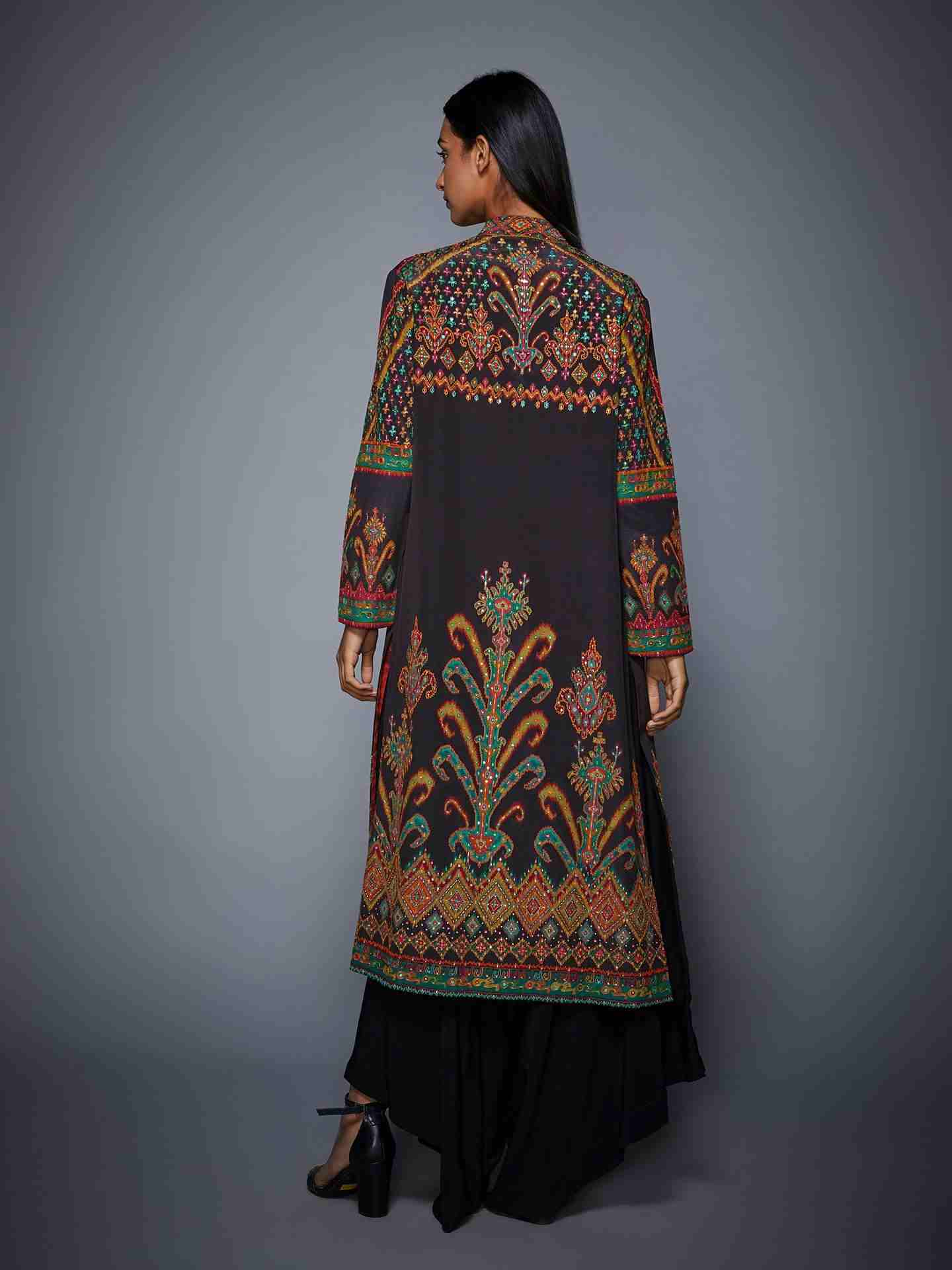 Black & Multi Manvi Coat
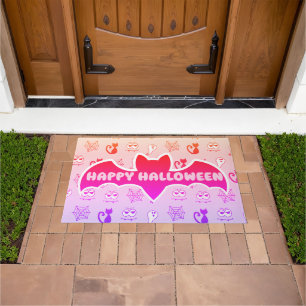 Ghost, Spiderwebs and Black Cats Rainbow Pink Doormat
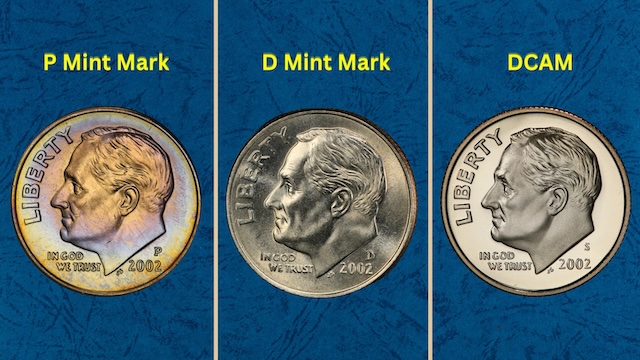 2002 Roosevelt dime grading strip showing four condition tiers from worn to gem uncirculated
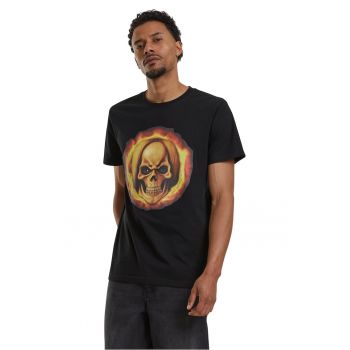 Tricou cu imprimeu grafic si decolteu la baza gatului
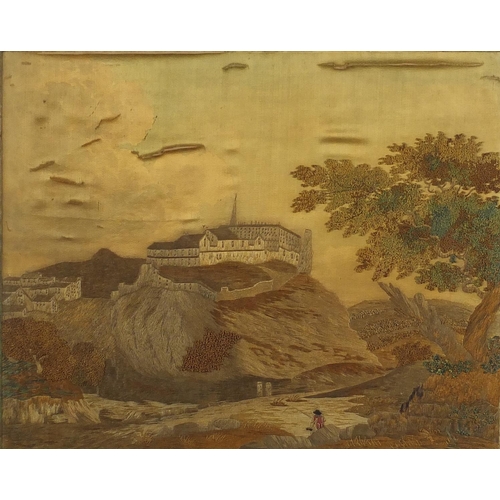32 - Antique silk and stump work tapestry of a fisherman before a monastery on a hill, mounted in a gilt ... 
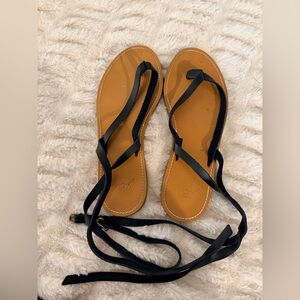 Black Leather Sandals size 7 J Crew leather, sexy string up type, comfy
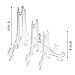 HESTYA Clear Plastic Easel Plate Stands Holders Picture Easel (4/ 5/ 6 Inches, Clear)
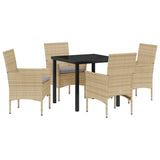 Set da Pranzo per Giardino con cuscino 5 pcs Beige polyrattan
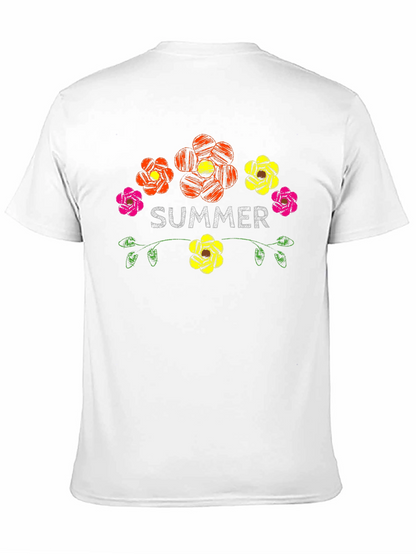 Camiseta Negra Verano Floral Estilo Bordado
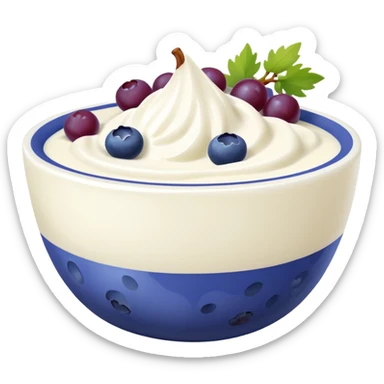 yoghurt bowl with grapes and blueberries sticker
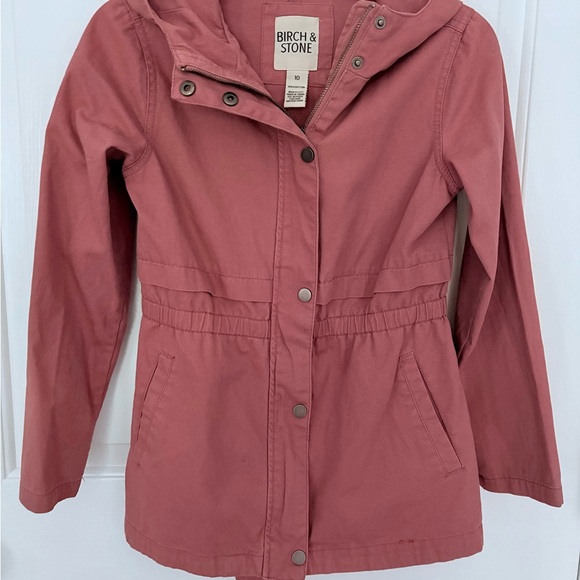 Birch And Stone Other - Birch & Stone Girl’s Dusty Pink Hooded Lightweight Utility Jacket Size 10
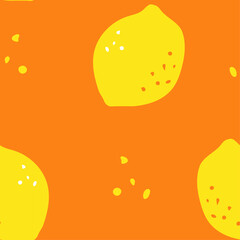 Seamless vector hand drawn lemon pattern. Summer background, for fabrics, wrapping paper, coatings.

★ ★ ★ ★

▸ **Work required**: Starting at the line where "2002 Roosevelt dime" appears, restate every line through the end of the records above exactly, but omit the pictures.

▸ **Finished task**:
 2002 Roosevelt dime grading strip showing four condition tiers from worn to gem uncirculated
 Tricou cu imprimeu grafic si decolteu la baza gatului
32 - Antique silk and stump work tapestry of a fisherman before a monastery on a hill, mounted in a gilt ... 
 Black Leather Sandals size 7 J Crew leather, sexy string up type, comfy
 HESTYA Clear Plastic Easel Plate Stands Holders Picture Easel (4/ 5/ 6 Inches, Clear)
 Set da Pranzo per Giardino con cuscino 5 pcs Beige polyrattan
 Camiseta Negra Verano Floral Estilo Bordado
 yoghurt bowl with grapes and blueberries sticker
 Birch And Stone Other - Birch & Stone Girl’s Dusty Pink Hooded Lightweight Utility Jacket Size 10
 Seamless vector hand drawn lemon pattern. Summer background, for fabrics, wrapping paper, coatings.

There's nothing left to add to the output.